If enforcement of an award is allowed by a court order, such award is fully
enforceable as a judgment of a Ukrainian court, although problems may be encountered
at the execution stage. Although execution of national judgements is compulsory,
statistics on how many judgements are actually executed are not very encouraging.
In addition to the above problems, the following arbitration-hostile issues
have arisen in practice:
• confusion by the courts of arbitral awards and foreign judgment;
• no priority for the New York Convention and application of the bilateral
treaties on mutual legal assistance instead;
• unusually strict adherence to formalities of the award during enforcement;
• ‘ping-ponging’ of applications for years (the Court of Appeals
used to be the court of first instance and dealt with the initial application
for enforcement but this was changed in 2004, thereby introducing another layer
of courts); and
• wide application of public policy.
A noteworthy feature of Ukrainian regulation is that a debtor under a foreign arbitral award may, if the creditor uses the award to the detriment of the debtor, initiate proceedings to stop enforcement in Ukrainian jurisdiction. The case law on the record proves that the standard is not high in this regard.
Separability
The doctrine of separability applies to arbitration proceedings conducted in Ukraine under the ICA Law, although the doctrine has not yet fully found its way into further Ukrainian legislation and practice. Procedural and substantive norms of Civil and Commercial Code do not support the concept and practice has gone in the opposite direction.
Arbitration with the state
A party to over 70 BITs, Ukraine has also ratified the ICSID Convention in
2001. Investors have been quite active in using this facility and, to date,
six cases against Ukraine have been registered by the secretariat of the ICSID
alone. A few ad-hoc proceedings have taken place and a small number were conducted
under the auspices of the Stockholm Institute of International Arbitration.
Some disputes were settled and some awards have been issued.

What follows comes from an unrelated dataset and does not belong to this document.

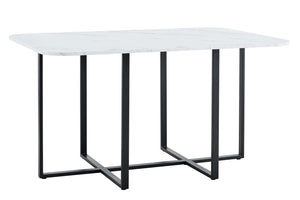 English Elm Modern Dual-surface Dining Table Mdf Marble and Grain Top with Powder-coated Metal Frame Black,White W3875P372892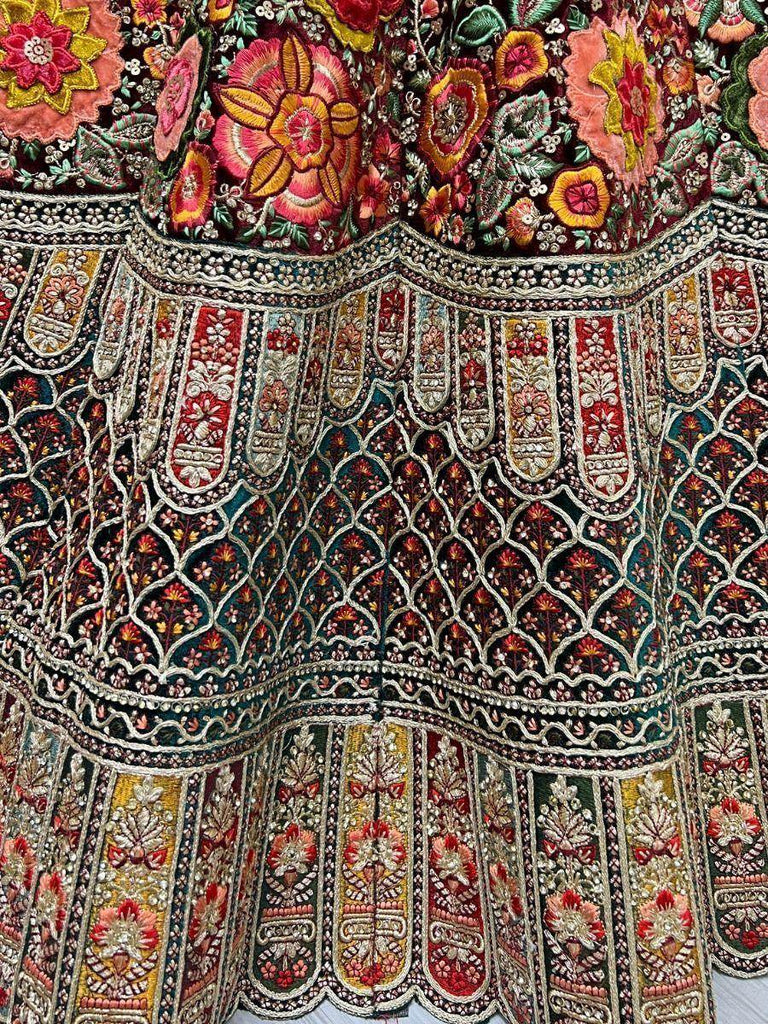 Glorious Maroon Embroidered Velvet Bridal Lehenga Choli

It is too early to see a trend regarding whether Ukraine will abide by ICSID
awards. Generally, however, the state has not experienced major problems with
the ICSID facility. Some other institutional and ad-hoc experiences have not
been very positive and have contributed to the formation of the arbitration
system described above.
* * *
One could conclude that Ukraine is, more often than not, an arbitration-unfriendly country. However, as Pierre Tercier noted in his ‘Emerging trends in ICC arbitration and the institution’s vision for the future’: “If arbitration is to prosper and provide the services expected, it must be based on trust. This is the keyword”. As the last 15 years suggest, the world of international arbitration has yet to earn the trust of the legal profession in Ukraine. As the country develops and players become familiar with the rules of the global game, the field and practice of international arbitration will grow and tendencies may perhaps change towards a friendlier approach.